Top of INFORMATION SUPPLIED

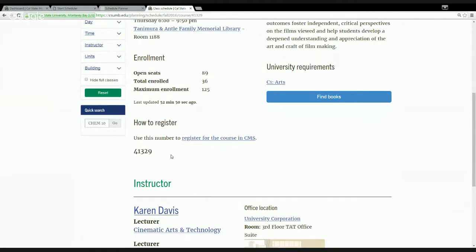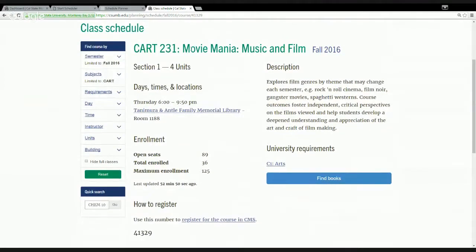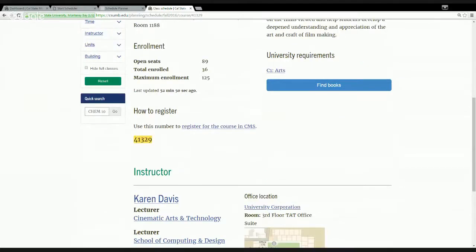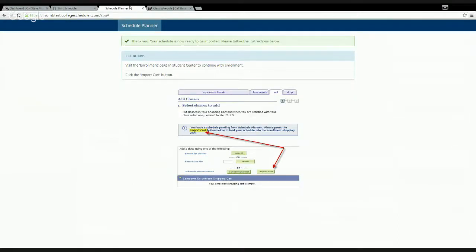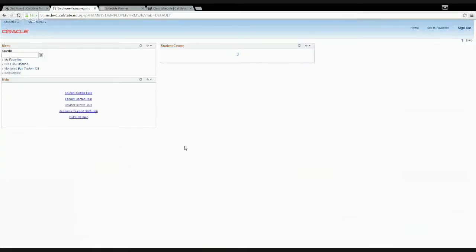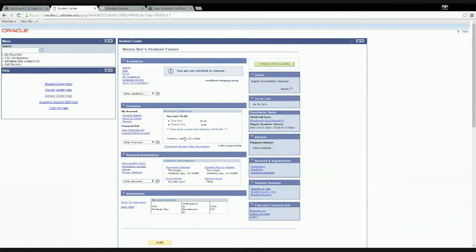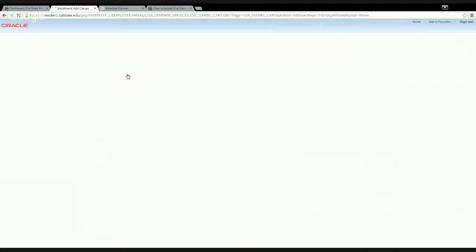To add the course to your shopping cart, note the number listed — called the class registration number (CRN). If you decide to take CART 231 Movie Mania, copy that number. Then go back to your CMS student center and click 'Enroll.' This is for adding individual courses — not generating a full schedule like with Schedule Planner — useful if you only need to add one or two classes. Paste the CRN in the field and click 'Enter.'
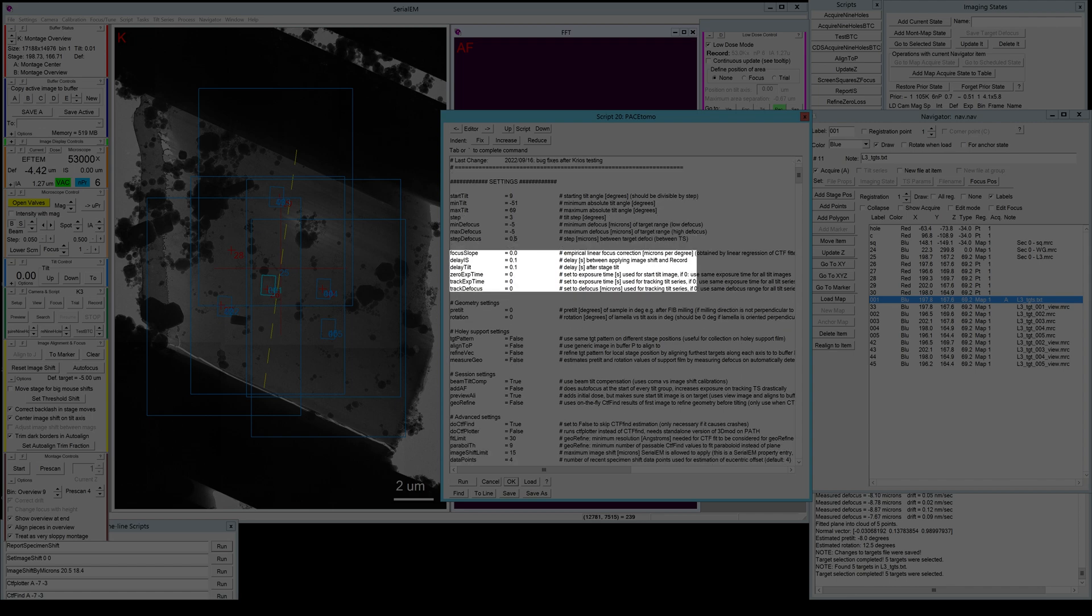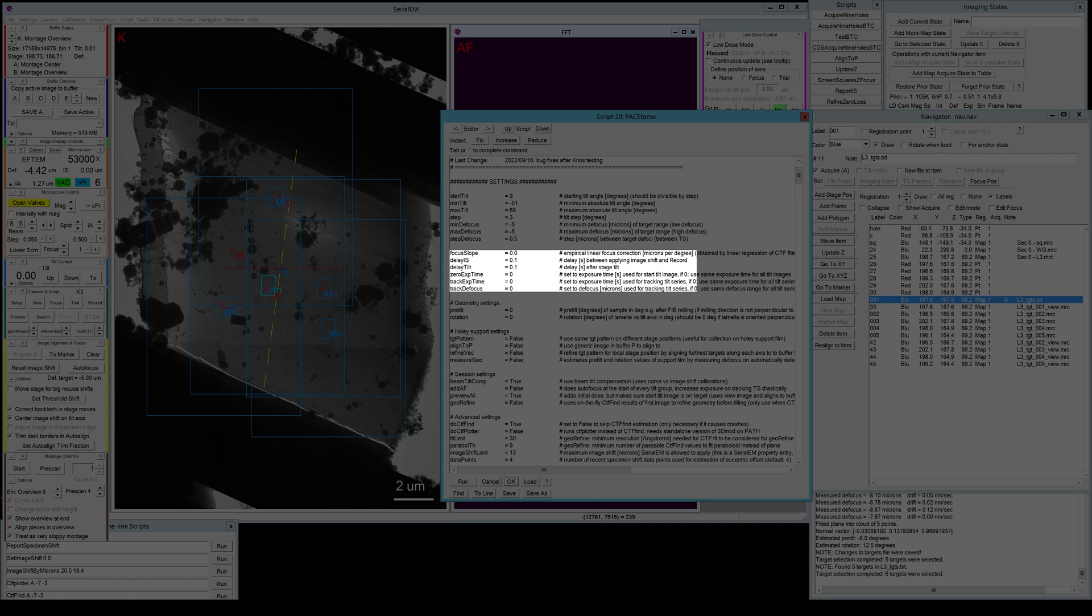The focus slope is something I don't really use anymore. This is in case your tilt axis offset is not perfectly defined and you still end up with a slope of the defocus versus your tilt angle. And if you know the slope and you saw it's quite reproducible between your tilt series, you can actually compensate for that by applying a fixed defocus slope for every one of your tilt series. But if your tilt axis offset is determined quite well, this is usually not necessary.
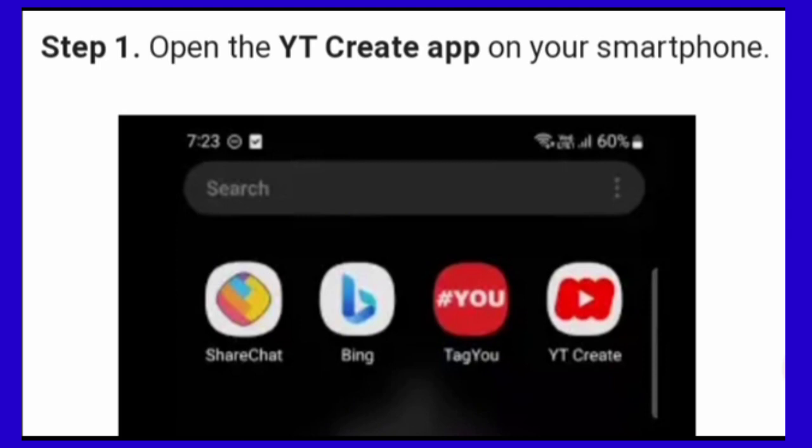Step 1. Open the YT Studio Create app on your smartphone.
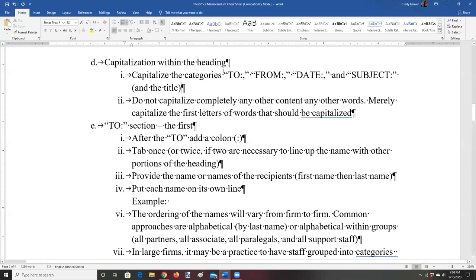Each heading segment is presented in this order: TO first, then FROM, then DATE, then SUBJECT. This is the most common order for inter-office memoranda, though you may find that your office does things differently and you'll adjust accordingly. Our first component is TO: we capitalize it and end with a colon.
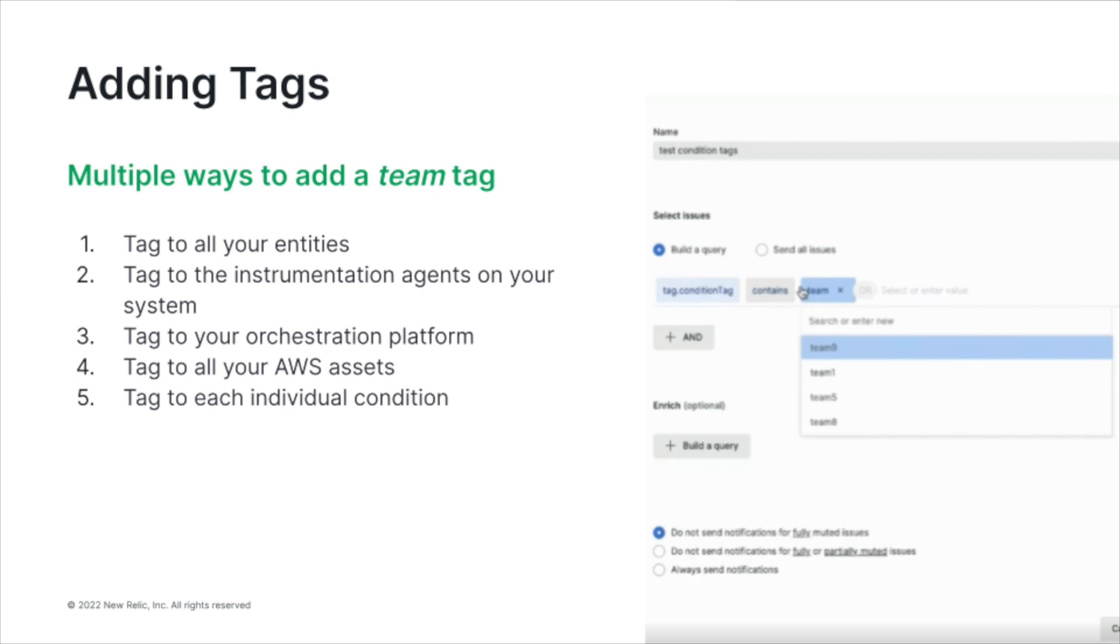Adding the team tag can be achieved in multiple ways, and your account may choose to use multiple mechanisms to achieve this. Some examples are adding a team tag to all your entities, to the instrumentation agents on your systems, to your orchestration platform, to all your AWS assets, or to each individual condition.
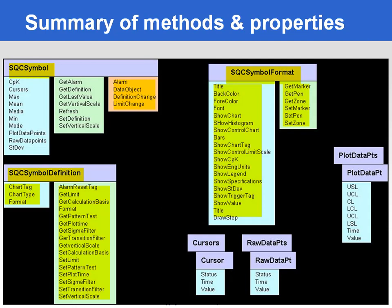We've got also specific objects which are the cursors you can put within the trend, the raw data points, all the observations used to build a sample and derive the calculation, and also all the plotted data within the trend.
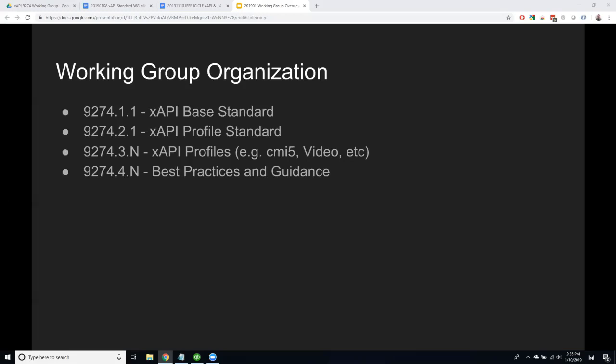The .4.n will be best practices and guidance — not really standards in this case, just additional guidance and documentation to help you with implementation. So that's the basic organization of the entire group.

Bottom of INFORMATION SUPPLIED
Top of INFORMATION SUPPLIED

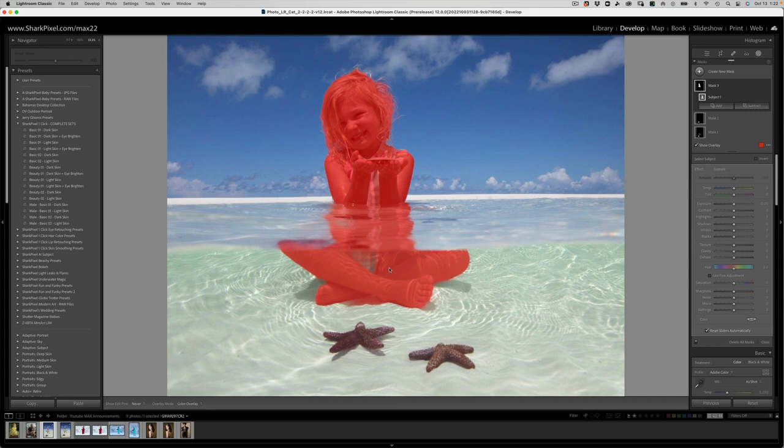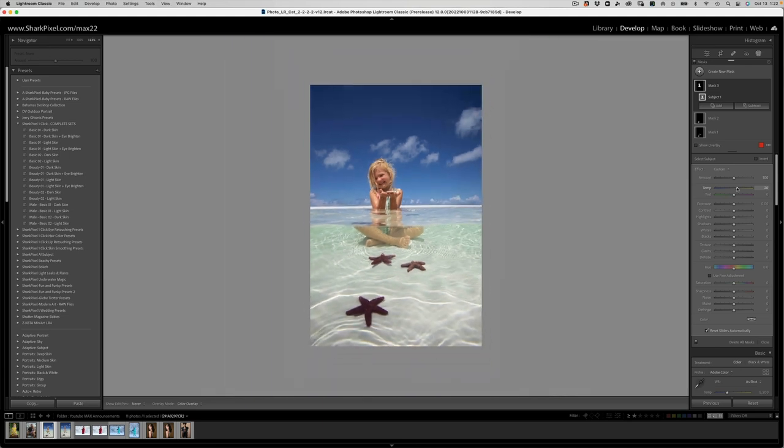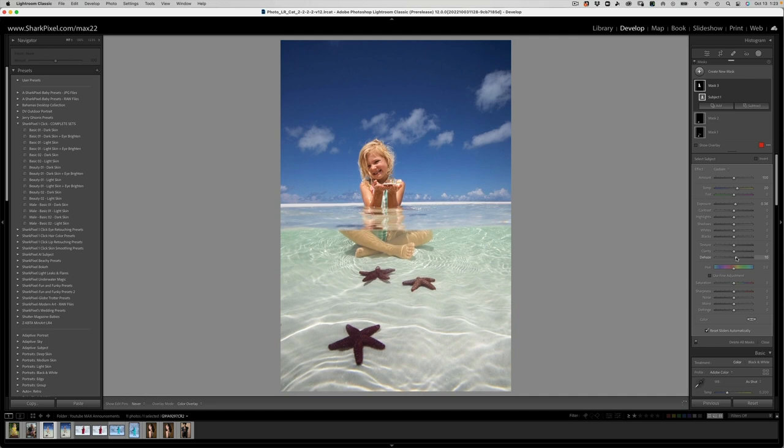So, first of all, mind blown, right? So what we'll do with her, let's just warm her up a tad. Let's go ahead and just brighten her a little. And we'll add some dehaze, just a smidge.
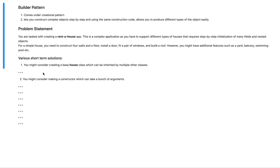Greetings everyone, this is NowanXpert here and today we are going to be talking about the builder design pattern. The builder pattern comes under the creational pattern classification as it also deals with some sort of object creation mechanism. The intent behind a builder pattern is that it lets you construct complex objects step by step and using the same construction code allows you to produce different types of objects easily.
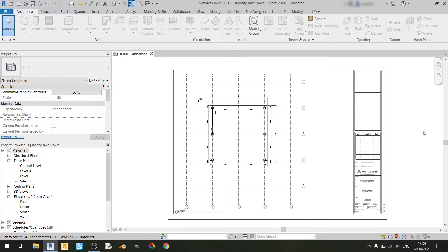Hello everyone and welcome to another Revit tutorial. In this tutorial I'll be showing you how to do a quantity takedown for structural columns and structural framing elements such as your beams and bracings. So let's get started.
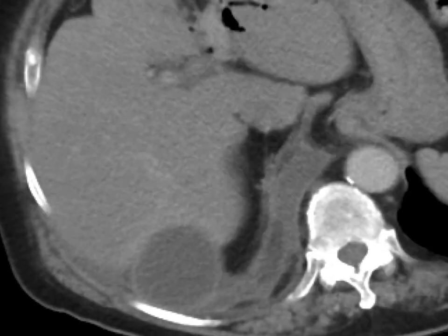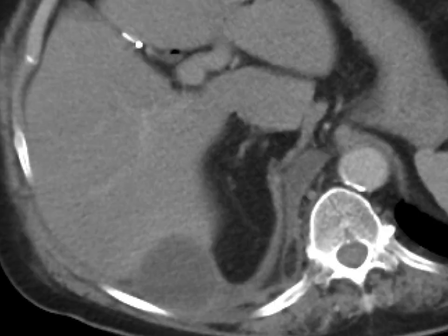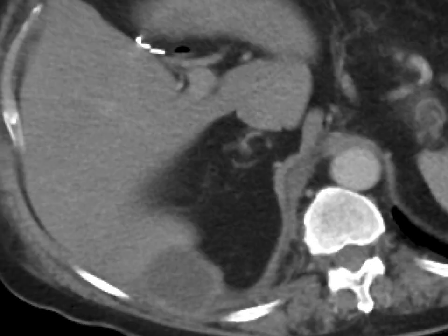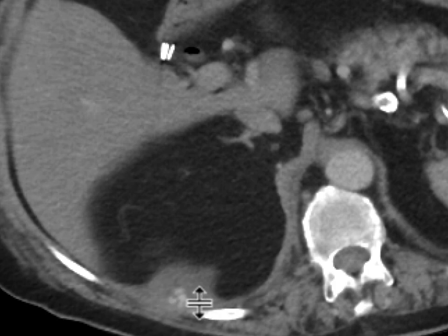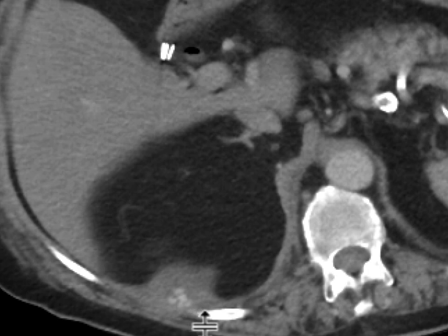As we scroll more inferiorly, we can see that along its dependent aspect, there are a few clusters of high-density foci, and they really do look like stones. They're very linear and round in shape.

Bottom of INFORMATION SUPPLIED
Top of INFORMATION SUPPLIED

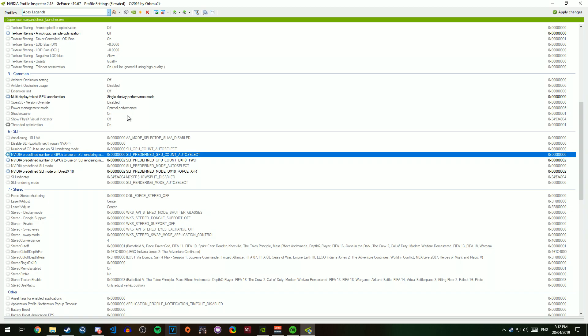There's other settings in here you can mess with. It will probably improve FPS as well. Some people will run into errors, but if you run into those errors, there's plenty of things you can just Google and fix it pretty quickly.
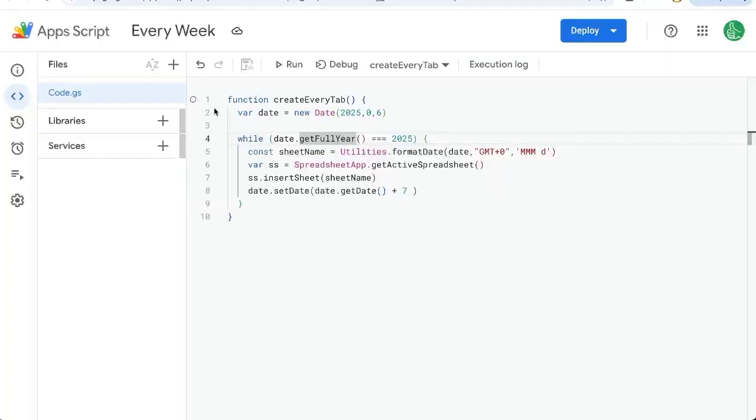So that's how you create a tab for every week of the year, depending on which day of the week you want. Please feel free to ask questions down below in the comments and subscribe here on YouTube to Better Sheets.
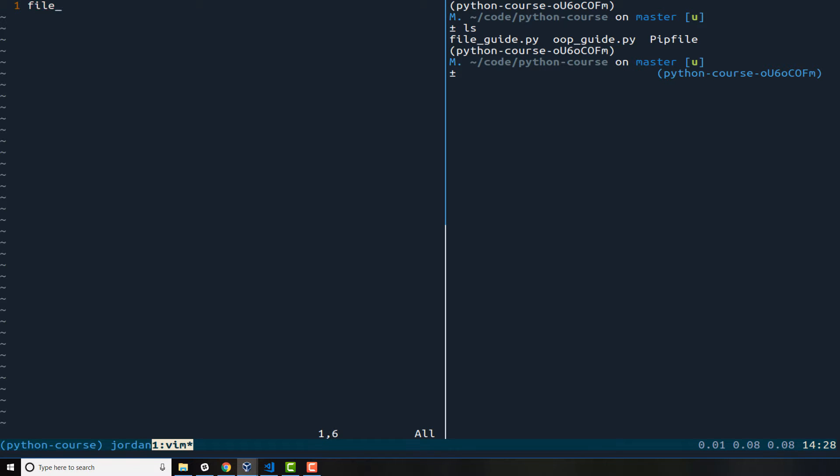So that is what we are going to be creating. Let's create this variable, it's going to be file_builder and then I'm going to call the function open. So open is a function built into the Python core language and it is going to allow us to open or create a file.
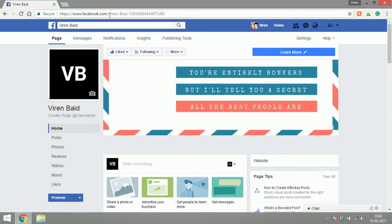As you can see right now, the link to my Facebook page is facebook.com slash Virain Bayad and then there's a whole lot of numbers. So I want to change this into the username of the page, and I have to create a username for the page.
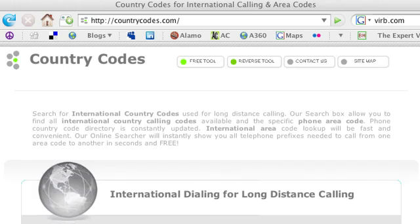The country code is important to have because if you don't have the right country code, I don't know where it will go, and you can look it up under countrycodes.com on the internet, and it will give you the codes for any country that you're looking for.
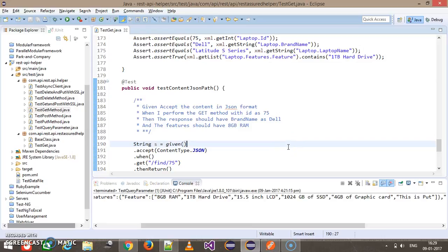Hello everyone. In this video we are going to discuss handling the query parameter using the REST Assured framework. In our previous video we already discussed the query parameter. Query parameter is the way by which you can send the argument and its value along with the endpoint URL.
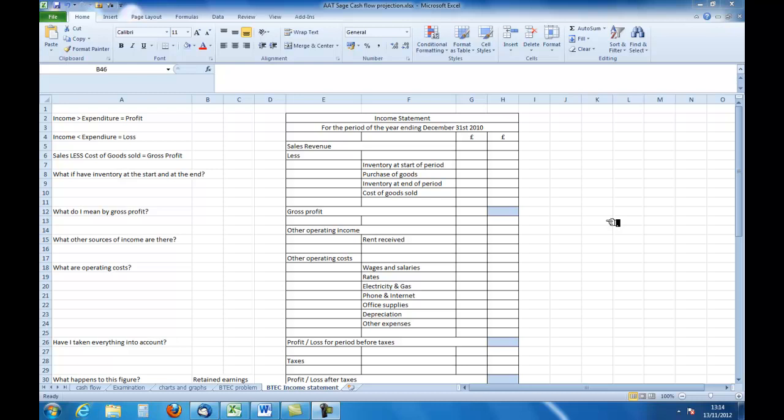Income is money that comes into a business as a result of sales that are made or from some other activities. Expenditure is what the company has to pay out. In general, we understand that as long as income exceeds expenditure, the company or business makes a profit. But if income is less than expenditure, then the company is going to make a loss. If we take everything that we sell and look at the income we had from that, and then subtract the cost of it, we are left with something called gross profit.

Bottom of INFORMATION SUPPLIED

• _THE PROBLEM_: Out of the records above, set down only the lines from the one that contains "Adding the team" through the one that contains "We've got also", unchanged and without the pictures.

• _RESPONSE TO THIS TASK_:
Adding the team tag can be achieved in multiple ways, and your account may choose to use multiple mechanisms to achieve this. Some examples are adding a team tag to all your entities, to the instrumentation agents on your systems, to your orchestration platform, to all your AWS assets, or to each individual condition.
We've got also specific objects which are the cursors you can put within the trend, the raw data points, all the observations used to build a sample and derive the calculation, and also all the plotted data within the trend.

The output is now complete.